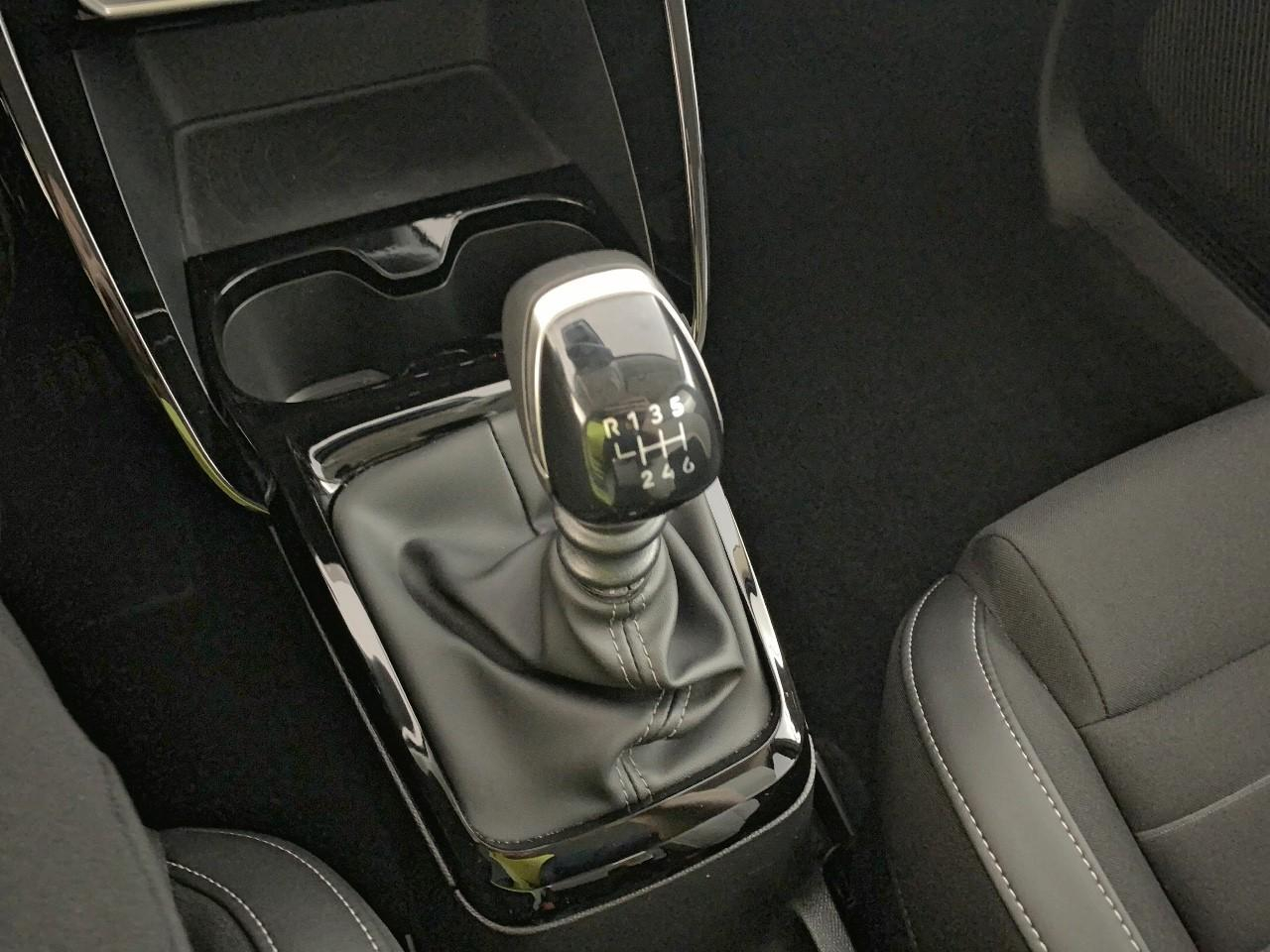 Citroën C3 turbo 100 ch manuelle max — photo 17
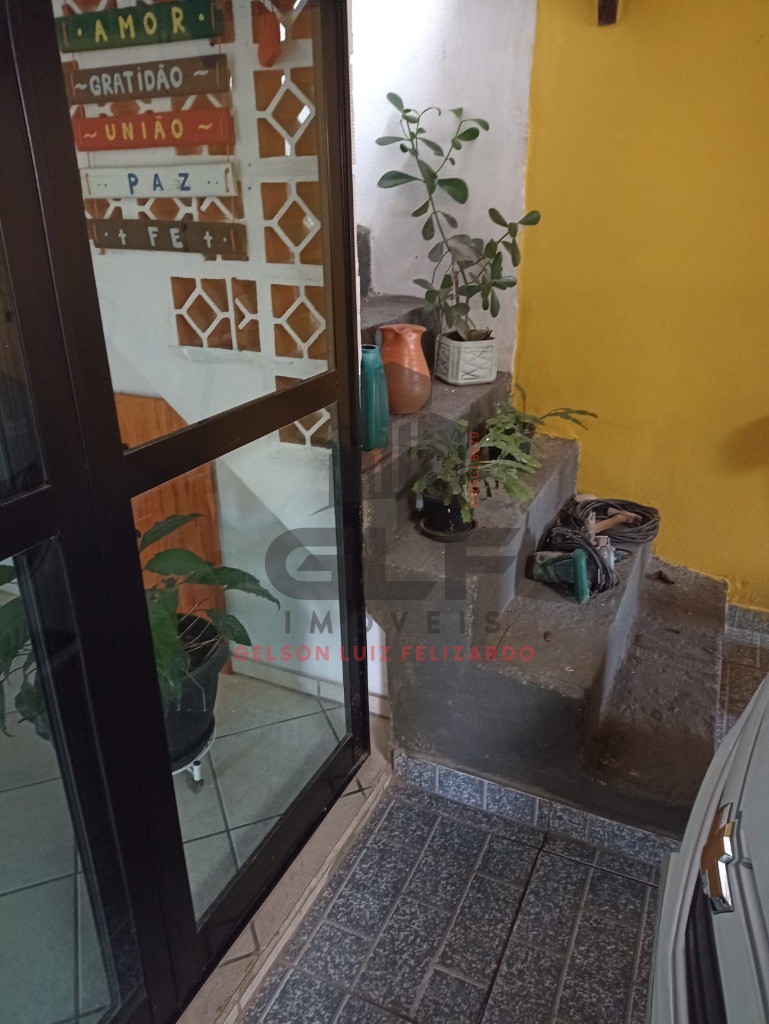 Casa com localização privilegiada no bairro Casa Branca na cidade de Itapema/SC, com 3 Dormitórios + 1 Kitner aos fundos. Terreno com 300 m² total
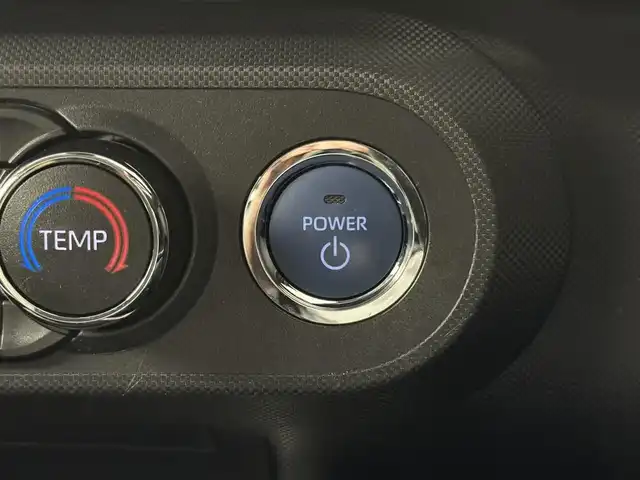 トヨタ ライズ Z 三重県 2021(令3)年 1万km シャイニングホワイトパール ハイブリッド/FF/フロアCVT/純正 9インチ ディスプレイオーディオ/（FM/AM/TV/Bluetooth/USB/iPod/AppleCarPlay/AndroidAuto/HDMI）/【OP】パノラミックビューモニター/ビルトイン ETC/スマートアシスト/・衝突警報機能（対車両・対歩行者）/・衝突回避支援ブレーキ機能（対車両・対歩行者）/・車線逸脱警報機能/・車線逸脱抑制制御機能（ステアリングアシスト機能）/・全車速追従機能付きアダプティブクルーズコントロール（停止保持機能あり）/・レーンキープコントロール（LKC）/・コーナーセンサー（前後2個）/・標識認識機能（進入禁止、最高速度、一時停止）/・アダプティブドライビングビーム/・【OP】ブラインドスポットモニター＋リヤクロストラフィックアラート/装備/・【OP】AC100Vアクセサリーコンセント（1500W・1ヶ）/・シートヒーター（D/N）/・オートライト/・LED ヘッドランプ/・オートエアコン/・ステアリングスイッチ/・プッシュスタート/・スマートキーx2/・純正17inアルミホイール（17×6J、5H）/・保/取/ディスプレイオーディオ取/など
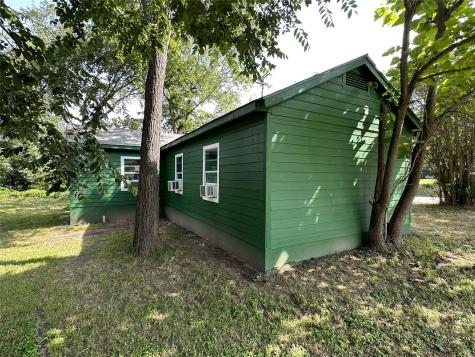 622 Scarbrough Street Rockdale TX 76567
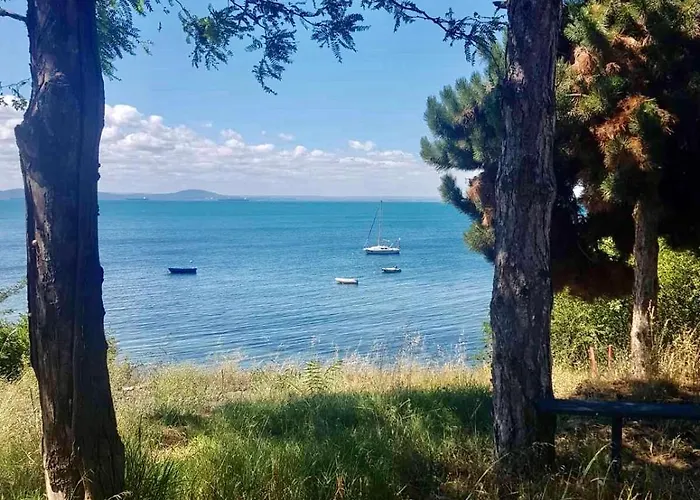 Budget First Sea Line Apt. Flora Апартамент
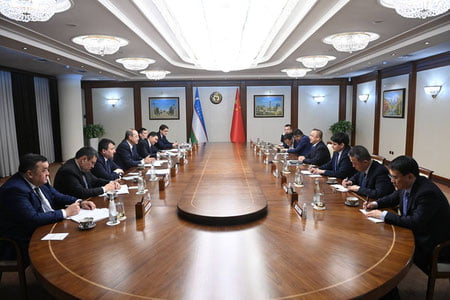 Abdulla Aripov Shinjon-Uyg‘ur avtonom rayoni Xalq hukumati raisi bilan uchrashdi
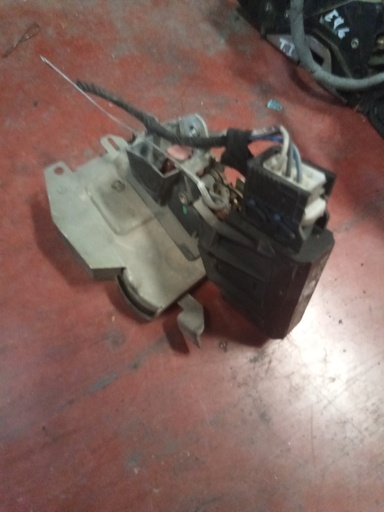 [8353012] Cerradura trasera izquierda BMW serie 5 E39 '91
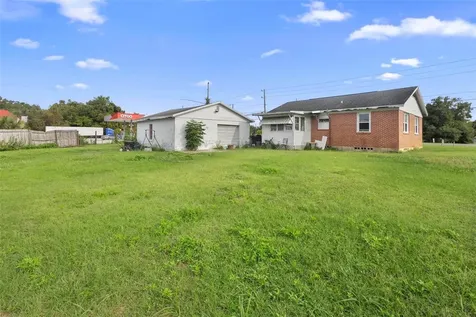 2490 N Woodland Boulevard Deland FL 32720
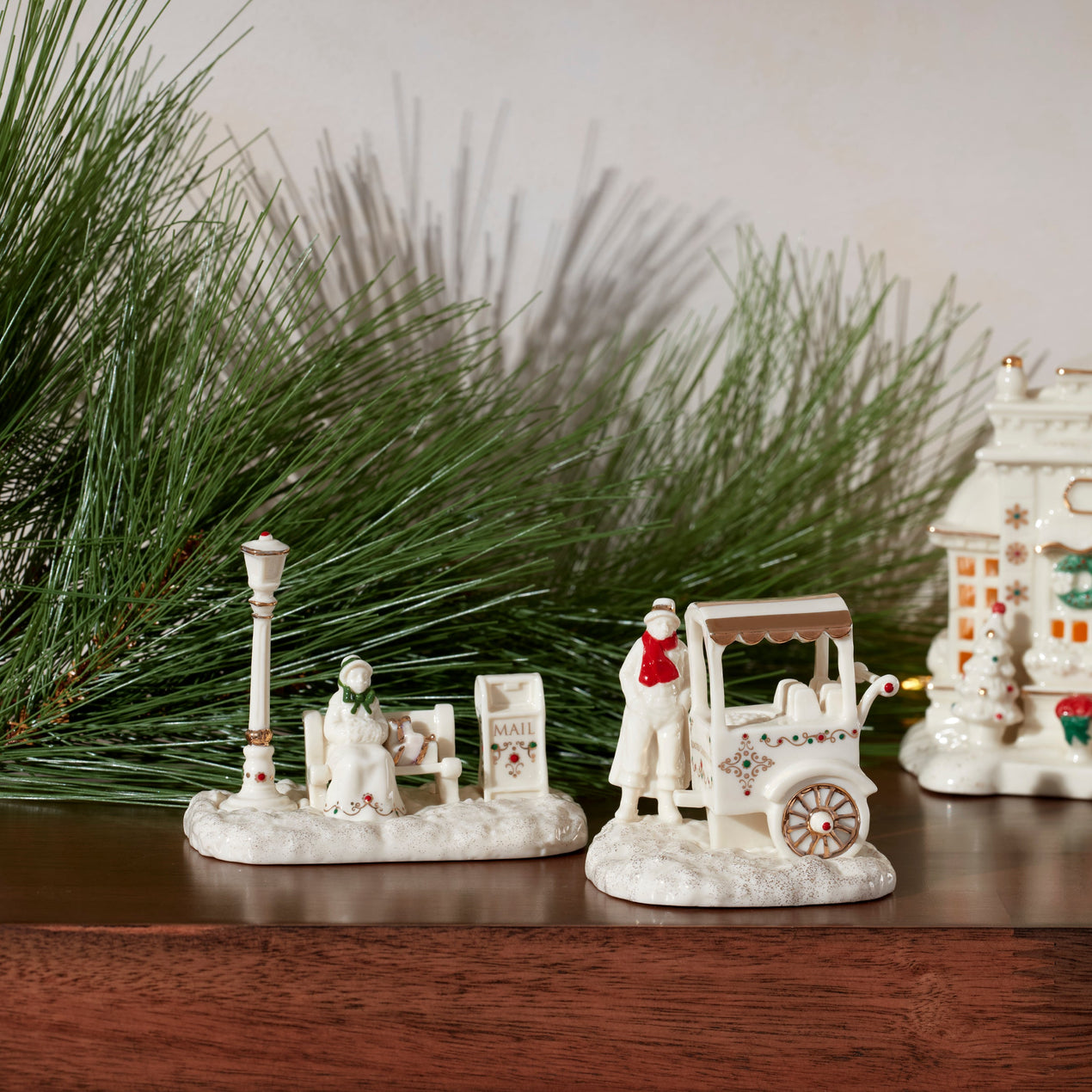 Mistletoe Park Parkbench & Chstnt SellerSet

**Assignment:** The listing should be transcribed exactly. No picture is to appear in the transcription.

**Response below:**
 Citroën C3 turbo 100 ch manuelle max — photo 17
 Casa com localização privilegiada no bairro Casa Branca na cidade de Itapema/SC, com 3 Dormitórios + 1 Kitner aos fundos. Terreno com 300 m² total
 トヨタ ライズ Z 三重県 2021(令3)年 1万km シャイニングホワイトパール ハイブリッド/FF/フロアCVT/純正 9インチ ディスプレイオーディオ/（FM/AM/TV/Bluetooth/USB/iPod/AppleCarPlay/AndroidAuto/HDMI）/【OP】パノラミックビューモニター/ビルトイン ETC/スマートアシスト/・衝突警報機能（対車両・対歩行者）/・衝突回避支援ブレーキ機能（対車両・対歩行者）/・車線逸脱警報機能/・車線逸脱抑制制御機能（ステアリングアシスト機能）/・全車速追従機能付きアダプティブクルーズコントロール（停止保持機能あり）/・レーンキープコントロール（LKC）/・コーナーセンサー（前後2個）/・標識認識機能（進入禁止、最高速度、一時停止）/・アダプティブドライビングビーム/・【OP】ブラインドスポットモニター＋リヤクロストラフィックアラート/装備/・【OP】AC100Vアクセサリーコンセント（1500W・1ヶ）/・シートヒーター（D/N）/・オートライト/・LED ヘッドランプ/・オートエアコン/・ステアリングスイッチ/・プッシュスタート/・スマートキーx2/・純正17inアルミホイール（17×6J、5H）/・保/取/ディスプレイオーディオ取/など
 622 Scarbrough Street Rockdale TX 76567
 Budget First Sea Line Apt. Flora Апартамент
 Abdulla Aripov Shinjon-Uyg‘ur avtonom rayoni Xalq hukumati raisi bilan uchrashdi
 [8353012] Cerradura trasera izquierda BMW serie 5 E39 '91
 2490 N Woodland Boulevard Deland FL 32720
 Mistletoe Park Parkbench & Chstnt SellerSet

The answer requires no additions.